Negli anni fra il 1919 e il 1922 squadre di fascisti attaccavano gli operai in sciopero, bruciavano case del popolo, devastavano le sedi dei giornali socialisti, dei sindacati.
I socialisti e i sindacalisti legalitari di allora si rivolgevano al governo di Roma affinchè fermasse l’onda nera, chiedevano che le forze dell’ordine arrestassero i responsabili.
Le squadre fasciste continuarono la loro azione indisturbate.
I capi socialisti facevano appello agli operai ed ai braccianti nelle campagne perché non reagissero alle cosiddette provocazioni, sostennero addirittura che la vigliaccheria era un atto di coraggio, condannarono la reazione violenta degli Arditi del Popolo.
Risultato: il fascismo prese il potere nel 1922, con il consenso del Re e l’appoggio della maggioranza parlamentare del centro destra storico.

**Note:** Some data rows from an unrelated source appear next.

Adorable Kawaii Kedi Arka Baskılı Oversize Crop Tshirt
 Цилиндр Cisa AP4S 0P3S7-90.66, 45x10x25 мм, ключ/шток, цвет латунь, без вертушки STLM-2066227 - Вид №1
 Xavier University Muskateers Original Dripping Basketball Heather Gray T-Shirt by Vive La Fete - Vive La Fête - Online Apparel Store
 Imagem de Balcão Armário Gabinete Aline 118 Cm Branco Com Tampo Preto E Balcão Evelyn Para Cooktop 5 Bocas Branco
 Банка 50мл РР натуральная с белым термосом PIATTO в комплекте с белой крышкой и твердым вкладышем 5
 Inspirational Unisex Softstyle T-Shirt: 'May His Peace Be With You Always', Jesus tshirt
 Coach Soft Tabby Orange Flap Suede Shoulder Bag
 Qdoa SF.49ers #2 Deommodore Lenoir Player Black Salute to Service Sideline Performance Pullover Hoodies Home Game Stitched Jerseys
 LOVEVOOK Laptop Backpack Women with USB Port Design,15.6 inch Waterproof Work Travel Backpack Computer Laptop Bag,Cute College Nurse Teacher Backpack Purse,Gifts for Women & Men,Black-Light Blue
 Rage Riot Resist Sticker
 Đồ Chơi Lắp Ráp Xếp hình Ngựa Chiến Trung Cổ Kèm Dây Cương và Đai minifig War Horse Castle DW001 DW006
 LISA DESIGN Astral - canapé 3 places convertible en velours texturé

Per incarico degli industriali e degli agrari aveva piegato gli operai e tutti coloro che li sostenevano.
La dittatura di Mussolini si concluse, a testa in giù, dopo 23 anni, il 25 Aprile del 1945, ad opera dei partigiani combattenti.
Se la storia insegna qualcosa, non è il caso per gli operai e i militanti antifascisti ripercorrano gli stessi tragici errori.
Non aspettiamo che le squadre fasciste, coperte dal Ministro dell’interno, vengano impunemente allo scoperto, che si facciano spazio in ogni città.
Non aspettiamoci che l’antifascismo di Stato, di facciata, li fermi con grandi paroloni e qualche leggera denuncia alla magistratura.
Prima che queste squadre attacchino le lotte degli operai, quelle degli studenti, dei migranti bisogna anticiparli.
Oggi è il momento di dare all’antifascismo militante una forte organizzazione unitaria.